Sungai Mati ('dead river' in Malay) is a small town in , Tangkak District, Johor, Malaysia.

Sungai Mati was named in such a way (dead river) is due to its nature of being an ox-bow lake. It formed or breakaway from main river of Muar River. The "breakaway" cause by a massive flood in early 1900s (not traceable). Before the breakaway Sungai Mati was on the Muar river bank (northern bank) and was a river port.

Before the breakaway Sungai Mati was named 'li hong kang' 利丰港. It means a prosperous port. Until now, the Chinese community still using the same name, which carries both extreme meaning. In fact it was an inland/river port. Muar River and Pahang River in combination was a very important east-west crossing route for traditional river transport. The route called "Laluan Penarikan", which is documented and available in Malaysia secondary history text. The piece of land surrounded by the ex-bow lake and Muar River in combination is called Pulau Penarik.

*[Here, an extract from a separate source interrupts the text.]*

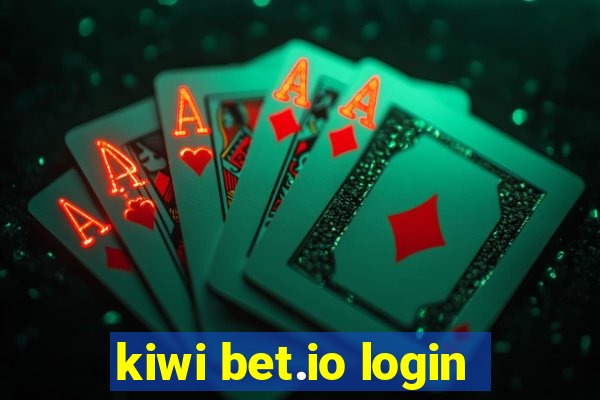 kiwi bet.io login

In early 1970s, there were some remaining traces of the river port. There was landing of jetty at the end of Jalan Raja, the current location of bridge linking Sungai Mati and Pulau Penarik. On the current badminton and tennis court on the left of Jalan Raja, diagonally opposite incumbent Johor Menteri Besar resident, were old warehouses.

Notable residents
 Tan Sri Abdul Ghani Othman, the 14th Menteri Besar of Johor.